The ACT results are likely to be higher than the performance of the average American high school senior. That's because most students who voluntarily take the test aspire to attend college. Fifty-seven percent of America's graduating class of 2014 took the test, an 18 percent increase since 2010.



The ACT defines college readiness benchmarks as the minimum score a student must achieve on the test in order to have a 75 percent chance of earning a C or higher in a first-year college course.
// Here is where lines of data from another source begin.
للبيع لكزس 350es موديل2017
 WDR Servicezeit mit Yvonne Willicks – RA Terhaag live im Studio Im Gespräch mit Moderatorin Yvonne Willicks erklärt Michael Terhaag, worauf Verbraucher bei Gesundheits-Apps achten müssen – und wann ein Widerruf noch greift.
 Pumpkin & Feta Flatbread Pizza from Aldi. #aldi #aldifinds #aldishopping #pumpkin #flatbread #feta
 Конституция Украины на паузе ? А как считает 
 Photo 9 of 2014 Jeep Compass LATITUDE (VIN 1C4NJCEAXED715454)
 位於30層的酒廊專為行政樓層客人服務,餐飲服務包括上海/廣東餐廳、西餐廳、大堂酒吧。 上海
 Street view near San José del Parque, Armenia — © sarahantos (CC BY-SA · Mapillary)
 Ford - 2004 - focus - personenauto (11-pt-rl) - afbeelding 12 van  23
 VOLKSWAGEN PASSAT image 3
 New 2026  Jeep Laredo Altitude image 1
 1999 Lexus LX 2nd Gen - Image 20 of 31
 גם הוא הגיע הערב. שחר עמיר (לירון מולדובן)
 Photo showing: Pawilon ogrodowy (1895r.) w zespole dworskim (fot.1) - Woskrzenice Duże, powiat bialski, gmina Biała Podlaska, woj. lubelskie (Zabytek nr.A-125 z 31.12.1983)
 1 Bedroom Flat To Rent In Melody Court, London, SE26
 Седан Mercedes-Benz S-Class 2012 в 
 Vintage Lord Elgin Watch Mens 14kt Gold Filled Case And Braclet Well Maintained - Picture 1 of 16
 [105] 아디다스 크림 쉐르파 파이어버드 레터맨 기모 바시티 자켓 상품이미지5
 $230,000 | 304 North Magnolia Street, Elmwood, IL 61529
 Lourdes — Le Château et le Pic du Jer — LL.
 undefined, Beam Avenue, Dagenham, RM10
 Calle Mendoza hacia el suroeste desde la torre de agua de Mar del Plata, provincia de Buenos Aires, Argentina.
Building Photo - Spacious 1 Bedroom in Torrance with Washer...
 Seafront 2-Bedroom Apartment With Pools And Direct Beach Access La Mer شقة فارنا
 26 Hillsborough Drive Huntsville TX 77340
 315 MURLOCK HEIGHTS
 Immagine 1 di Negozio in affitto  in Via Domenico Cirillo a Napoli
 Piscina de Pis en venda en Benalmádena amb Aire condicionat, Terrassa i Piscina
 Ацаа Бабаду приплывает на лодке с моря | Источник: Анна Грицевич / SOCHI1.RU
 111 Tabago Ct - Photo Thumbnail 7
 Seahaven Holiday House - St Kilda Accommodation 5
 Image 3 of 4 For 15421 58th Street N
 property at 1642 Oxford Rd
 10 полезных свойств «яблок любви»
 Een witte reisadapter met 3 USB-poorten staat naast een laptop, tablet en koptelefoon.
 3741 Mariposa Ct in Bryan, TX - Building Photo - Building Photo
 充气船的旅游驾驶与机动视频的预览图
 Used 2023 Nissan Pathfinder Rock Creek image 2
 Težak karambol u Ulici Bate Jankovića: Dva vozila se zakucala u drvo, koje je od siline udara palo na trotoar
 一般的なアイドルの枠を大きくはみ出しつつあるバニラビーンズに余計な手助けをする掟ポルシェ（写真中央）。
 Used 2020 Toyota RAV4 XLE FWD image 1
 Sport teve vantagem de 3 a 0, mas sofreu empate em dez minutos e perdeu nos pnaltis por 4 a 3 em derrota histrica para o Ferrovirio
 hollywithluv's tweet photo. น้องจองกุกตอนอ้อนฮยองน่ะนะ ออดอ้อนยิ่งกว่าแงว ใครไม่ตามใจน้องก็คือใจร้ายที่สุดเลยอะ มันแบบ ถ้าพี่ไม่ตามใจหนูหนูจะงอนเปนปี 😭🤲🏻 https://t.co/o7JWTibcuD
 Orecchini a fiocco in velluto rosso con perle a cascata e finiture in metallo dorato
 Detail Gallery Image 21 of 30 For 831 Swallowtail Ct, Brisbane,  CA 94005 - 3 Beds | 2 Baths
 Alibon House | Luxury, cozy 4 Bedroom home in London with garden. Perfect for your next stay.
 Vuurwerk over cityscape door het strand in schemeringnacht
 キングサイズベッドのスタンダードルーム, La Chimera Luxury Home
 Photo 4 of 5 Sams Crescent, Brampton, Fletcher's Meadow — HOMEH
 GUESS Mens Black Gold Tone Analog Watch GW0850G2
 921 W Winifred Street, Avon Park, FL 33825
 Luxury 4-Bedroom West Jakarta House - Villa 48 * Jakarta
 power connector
Twenty-six percent of all tested students met the benchmark in all four subjects in 2014, compared with 24 percent in 2010. But 31 percent of students hit none of the benchmarks.



"Nothing changes, but if you test over a million students a year, you don't expect much to change," said Mark Schneider, a vice president of the research nonprofit American Institutes for Research, who previously oversaw the federal government's education research.



Some contend ACT's bar for college readiness is too high. "What is often forgotten is that the ACT and the SAT are probability statements," said Anthony Carnevale a Georgetown University professor who researches workforce skills and headed a testing company for several years. "We know that anybody who scores in the upper half in the distribution in the ACT or the SAT has a very high chance of graduating from college. This is not so much about readiness, it's about graduating. To say that only 20 percent are ready when 50 percent have a chance to graduate is a little stiff to me."



State results showed trends similar to each other, even though some have markedly different approaches to education. In Oklahoma, where 90 percent of students took the test, 22 percent met benchmarks in all four subjects in 2014, compared with 19 percent in 2010. In Kentucky, where all students took the test, 19 percent hit all four benchmarks, up from 16 percent. In Texas, which tested 40 percent of students, 26 percent hit all four, compared with 24 percent in 2010.



The overall dismal results come as most U.S. states are struggling with making sure their students graduate from public schools ready for college. College and career-ready standards have become the modern-day educational buzzword -- and the centerpiece of the Common Core State Standards, the learning guidelines in most states for what students need to know in math and English language arts. The Common Core has become politically divisive in recent months, with some states moving to ditch the standards. Indiana and Ohio have proposed replacing the Common Core with similar college-aimed standards.



"The holy grail in all of this is it's got to be rigorous and it's got to be effective, and right now that is inconsistent from school to school," Erickson said.



ACT is trying to get into the Common Core game by selling an exam system called Aspire that tracks students along Common Core goals from a young age. So far, only Alabama has bought the system in its entirety.